* Problem to solve:
Skip every picture. Print each line from the one containing "Boys Cotton Regular" through the end of the records below, word for word.

::: Records for this task

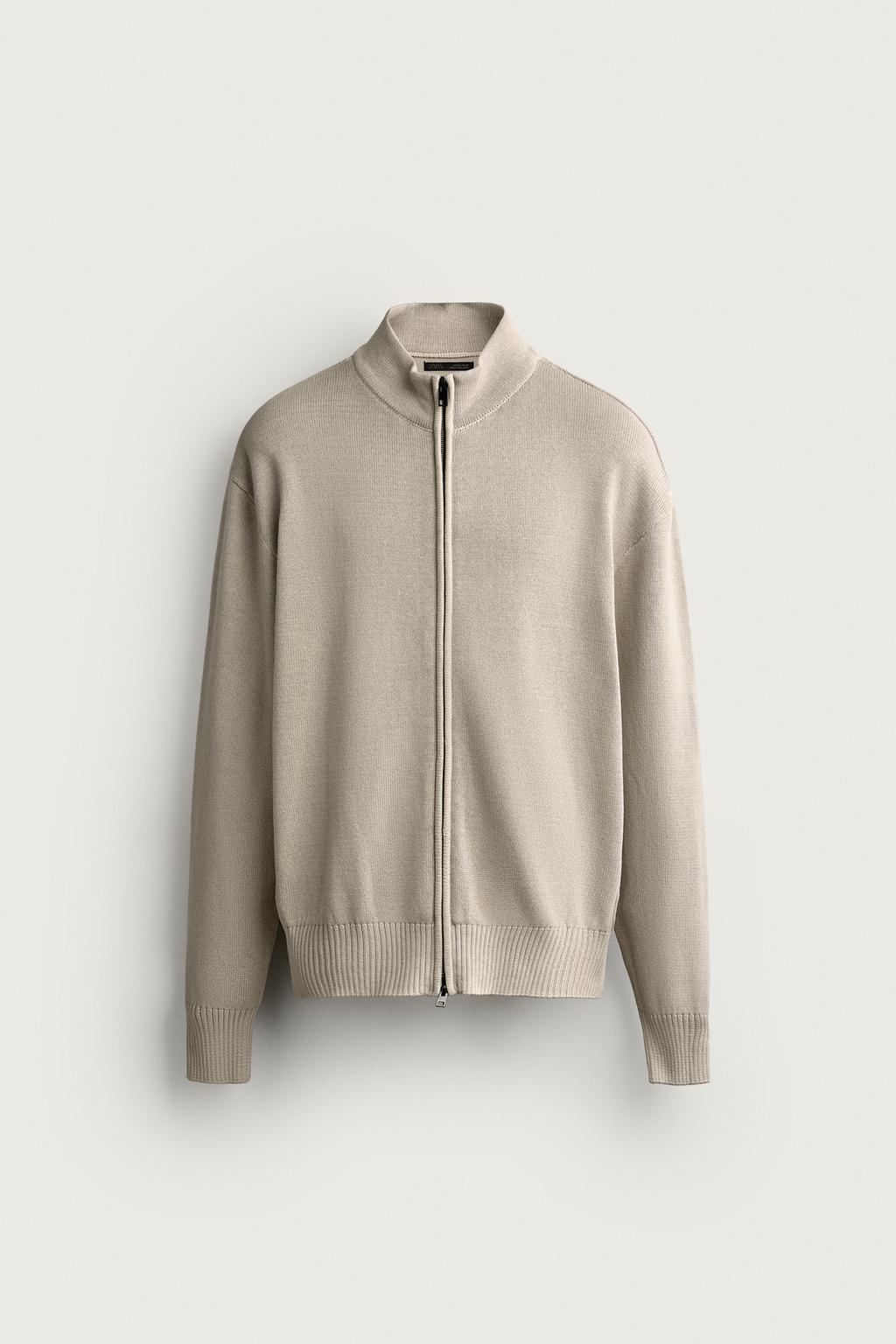 WASHED ZIP CARDIGAN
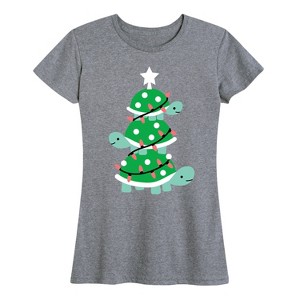 Women's - Instant Message - Turtle Tree Short Sleeve Graphic T-Shirt - 1 of 4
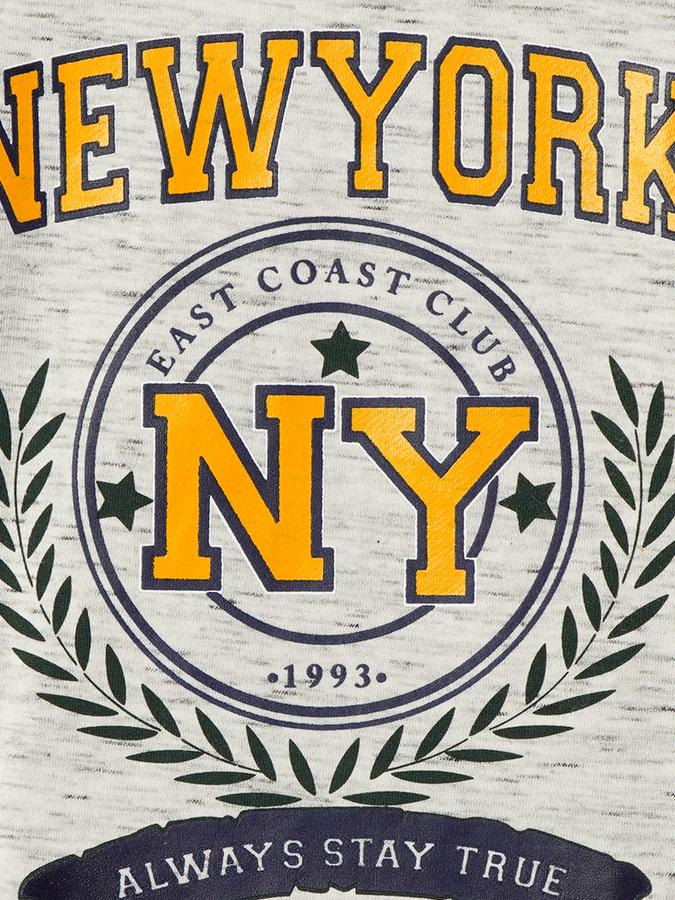 Boys Cotton Regular Fit Crew Neck Graphic Sweatshirt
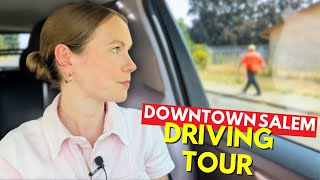 Downtown Salem Oregon Driving Tour  Salem Oregon Neighborhood Tour  Summer [upl. by Aleik]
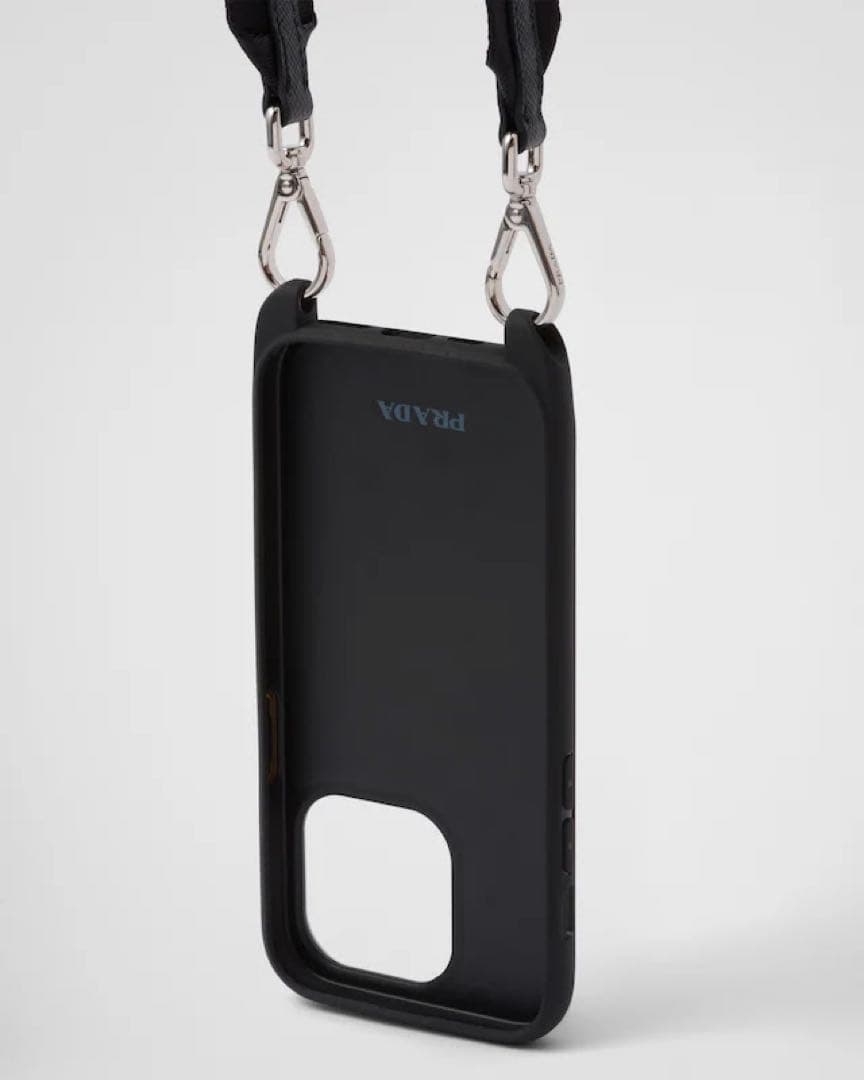 PRADA iPhone14ケース　ショルダーストラップ　ブラック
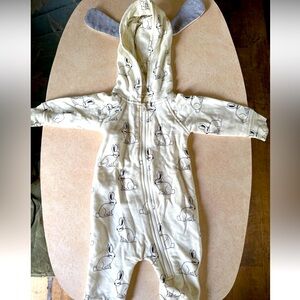 Monica + Andy Organic Cotton Bunny Romper 0-3 Months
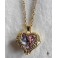 Collier Coeur rouge or 18K, Gothique, Saint Valentin, Cadeau épouse, Cadeau maman, Dark Academia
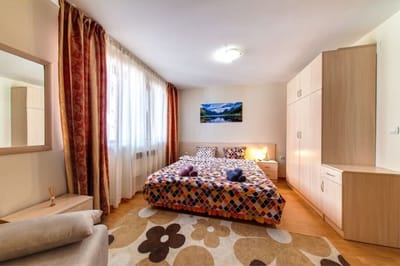 1BD Ski View Retreat in Pamporovo with Fireplace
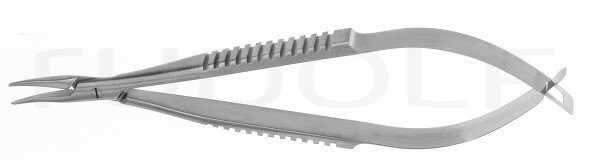 RU 5957-09 / Needle Holder Castroviejo Cvd., W/O. Ratchet, 0,5mm, 9cm, 3 1/2"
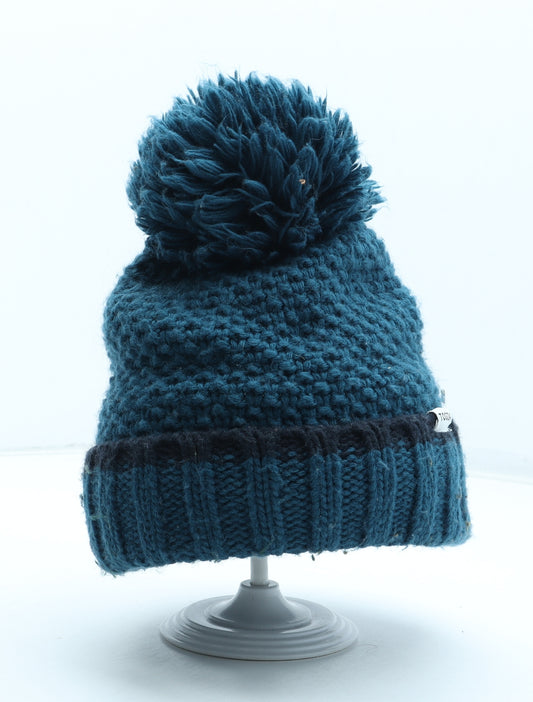 TOG24 Womens Blue Acrylic Bobble Hat One Size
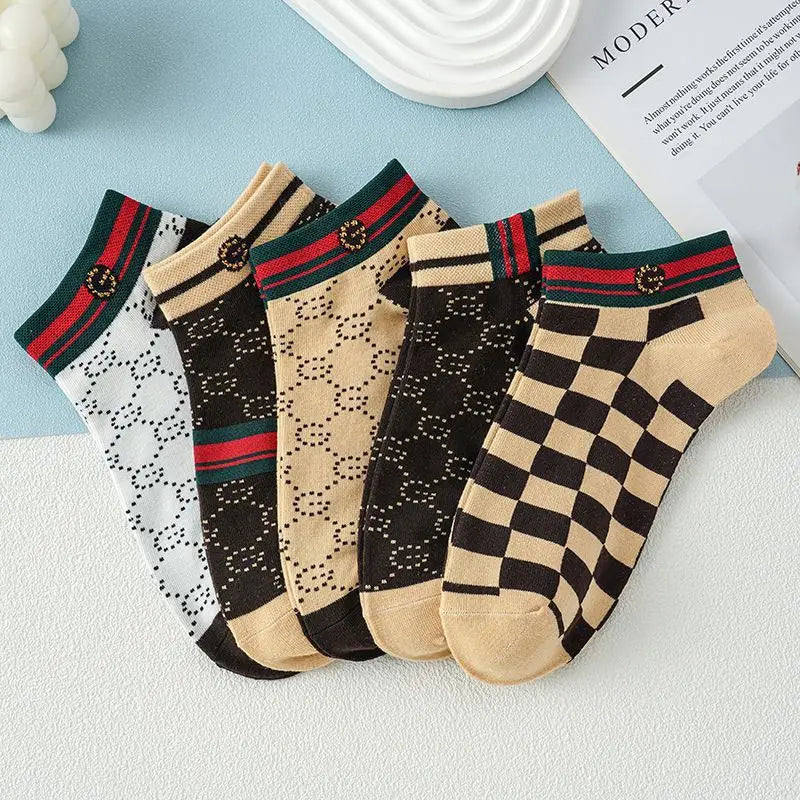 Elegant plaid pattern on Whisper-Soft Socks, ideal for the discerning gentleman's wardrobe.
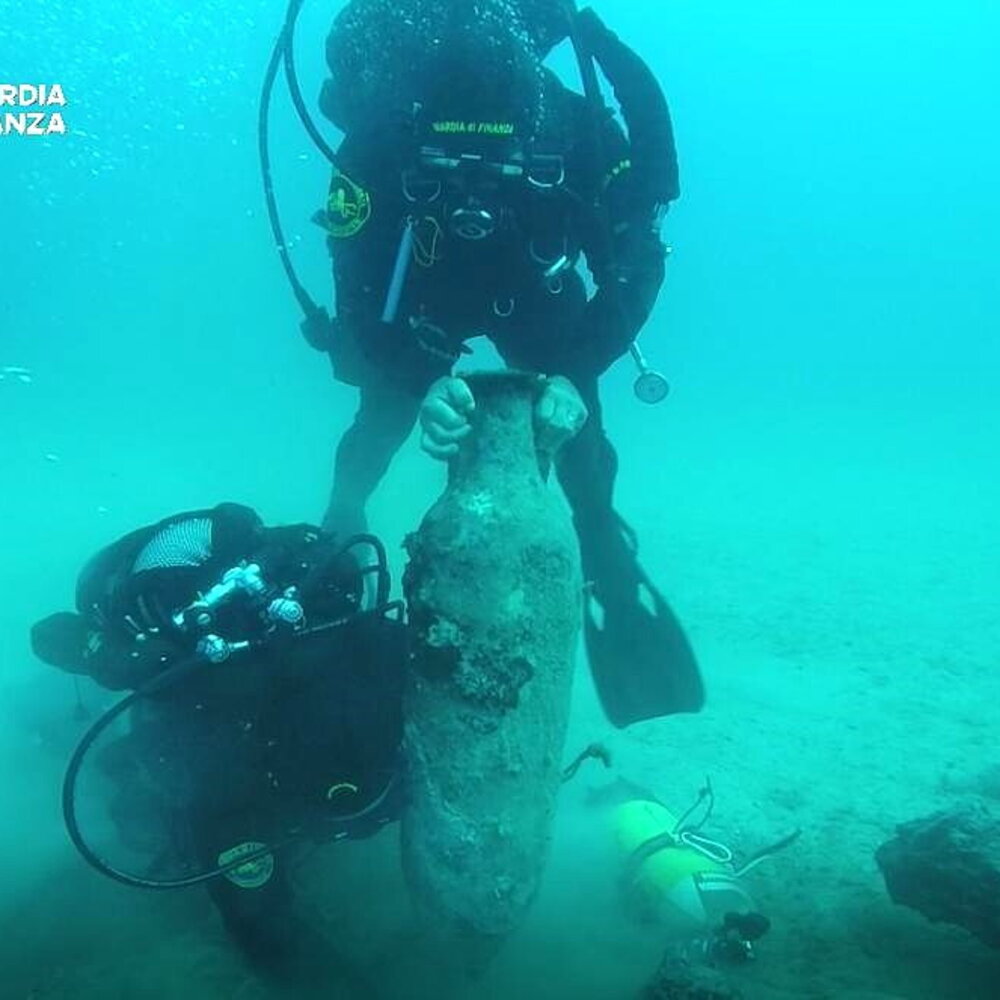 A Roman ship emerges from the depths off the coast of Gallipoli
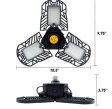 (image for) 60W Motion Activated Radar CRI 80 6000LM 6000K Deformable E26/E27 Base LED Ceiling Light for Garage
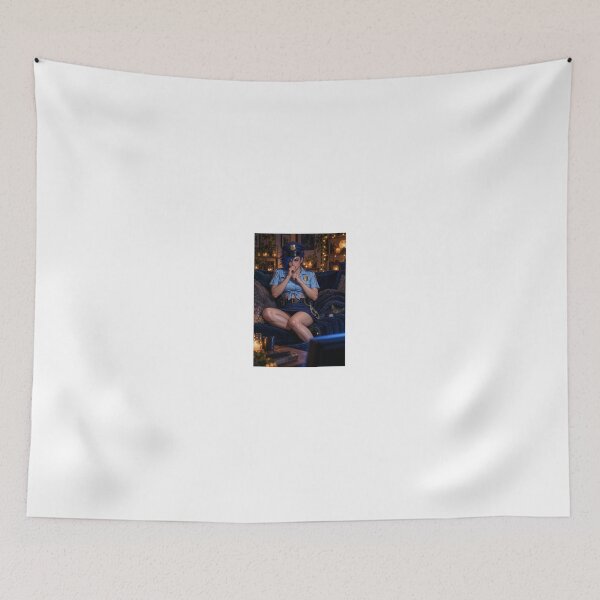 Item preview, Cipher Thorne in Blue Uniform Sitting on Sofa designed and sold by CathryneDelamort.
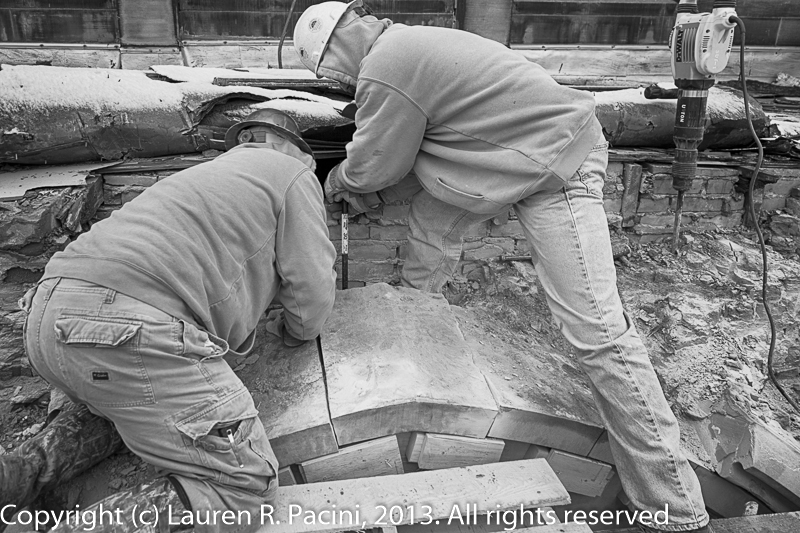 Removing the keystone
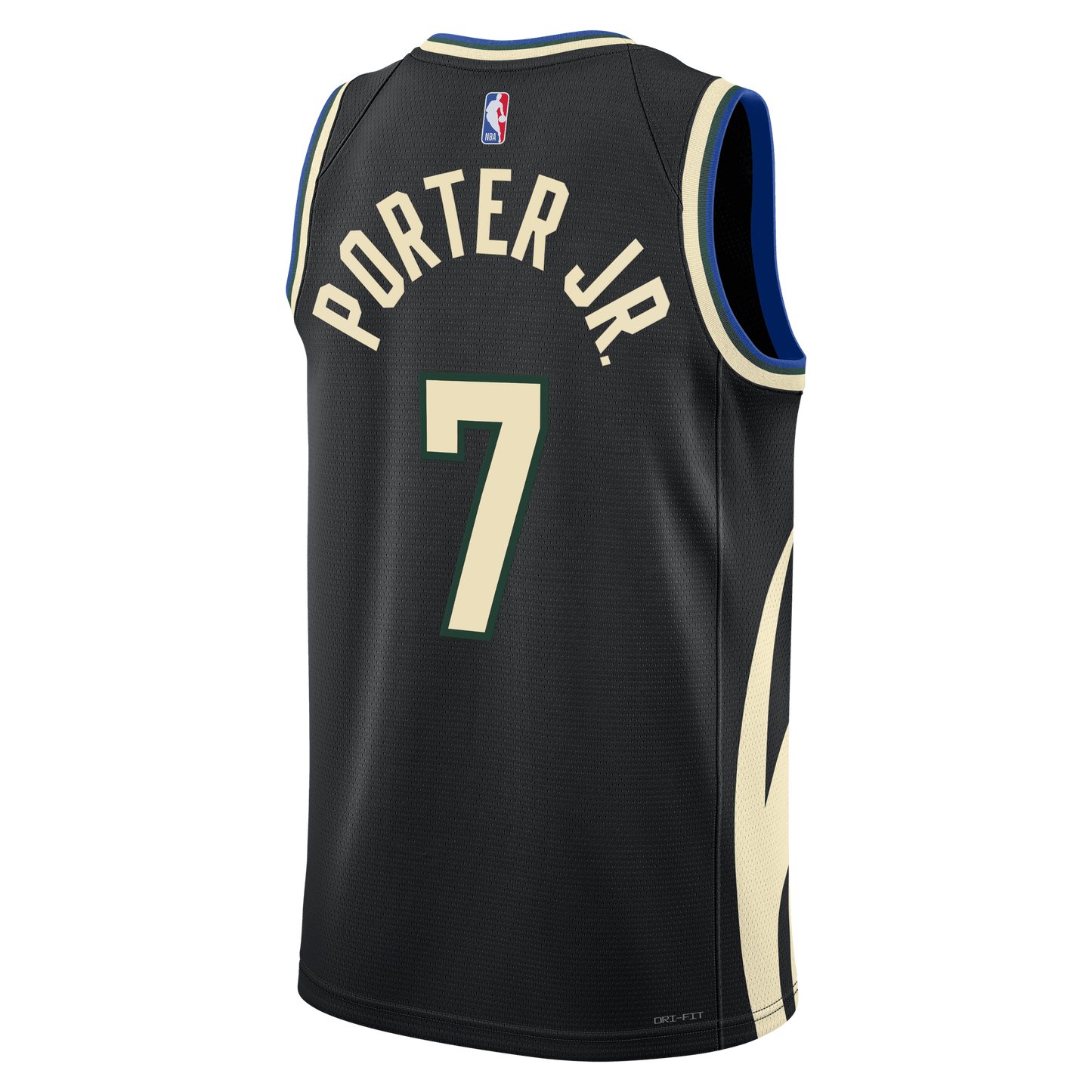Milwaukee Bucks Jordan Brand Statement Edition Swingman Jersey - Hunter Green - Kevin Porter Jr. - Unisex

::::::

* Solution:
 Boys Cotton Regular Fit Crew Neck Graphic Sweatshirt
 Downtown Salem Oregon Driving Tour  Salem Oregon Neighborhood Tour  Summer [upl. by Aleik]
 PRADA iPhone14ケース　ショルダーストラップ　ブラック
 Monica + Andy Organic Cotton Bunny Romper 0-3 Months
 Collier Coeur rouge or 18K, Gothique, Saint Valentin, Cadeau épouse, Cadeau maman, Dark Academia
 1BD Ski View Retreat in Pamporovo with Fireplace
 RU 5957-09 / Needle Holder Castroviejo Cvd., W/O. Ratchet, 0,5mm, 9cm, 3 1/2"
 TOG24 Womens Blue Acrylic Bobble Hat One Size
 Elegant plaid pattern on Whisper-Soft Socks, ideal for the discerning gentleman's wardrobe.
 A Roman ship emerges from the depths off the coast of Gallipoli
 (image for) 60W Motion Activated Radar CRI 80 6000LM 6000K Deformable E26/E27 Base LED Ceiling Light for Garage
 Item preview, Cipher Thorne in Blue Uniform Sitting on Sofa designed and sold by CathryneDelamort.
 Removing the keystone
Milwaukee Bucks Jordan Brand Statement Edition Swingman Jersey - Hunter Green - Kevin Porter Jr. - Unisex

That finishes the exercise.